* [Instructions to follow]: Wherever the listing holds a picture, leave it out, and copy the remainder exactly.

* [Collected data]:

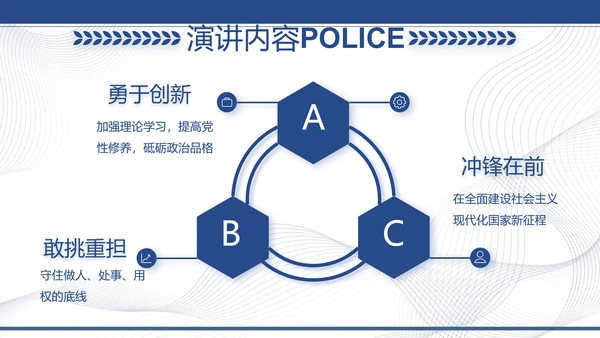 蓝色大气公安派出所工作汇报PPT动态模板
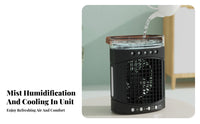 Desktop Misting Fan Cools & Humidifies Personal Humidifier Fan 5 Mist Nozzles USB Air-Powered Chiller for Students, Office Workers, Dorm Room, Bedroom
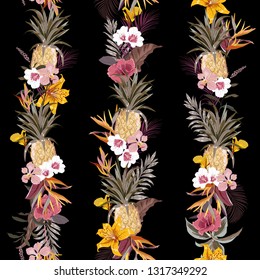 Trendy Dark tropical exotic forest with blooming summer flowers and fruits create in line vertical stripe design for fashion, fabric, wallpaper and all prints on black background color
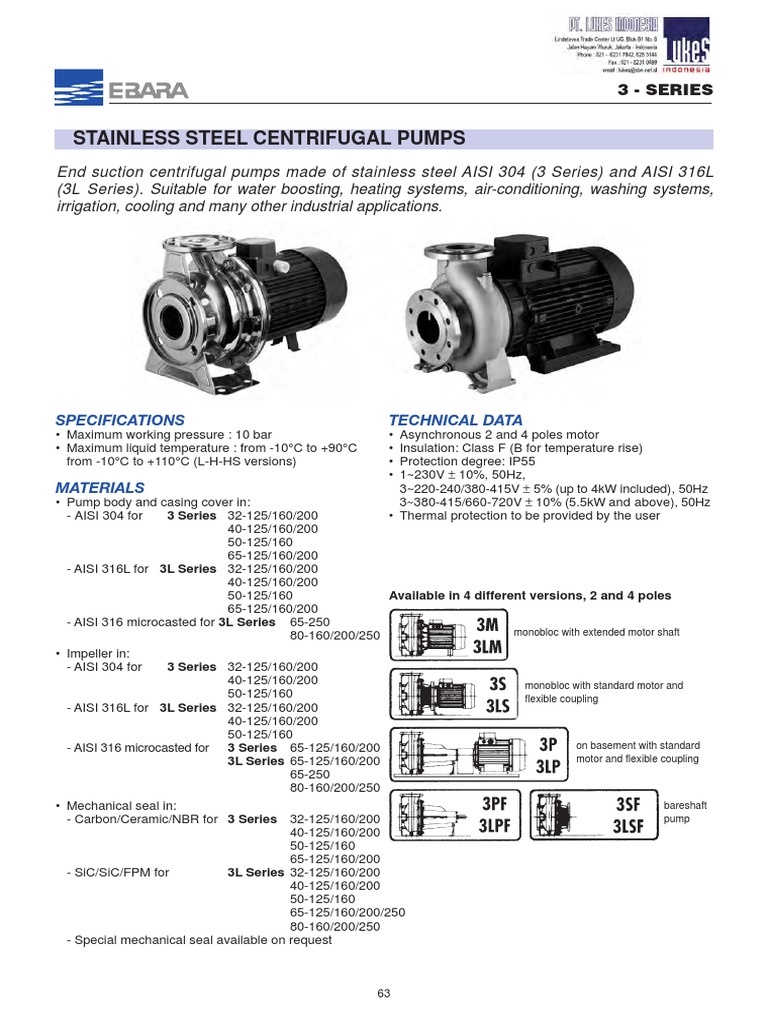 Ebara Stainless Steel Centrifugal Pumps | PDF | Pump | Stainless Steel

* [Response for this exercise]:
 蓝色大气公安派出所工作汇报PPT动态模板
 Desktop Misting Fan Cools & Humidifies Personal Humidifier Fan 5 Mist Nozzles USB Air-Powered Chiller for Students, Office Workers, Dorm Room, Bedroom
 Trendy Dark tropical exotic forest with blooming summer flowers and fruits create in line vertical stripe design for fashion, fabric, wallpaper and all prints on black background color
 Ebara Stainless Steel Centrifugal Pumps | PDF | Pump | Stainless Steel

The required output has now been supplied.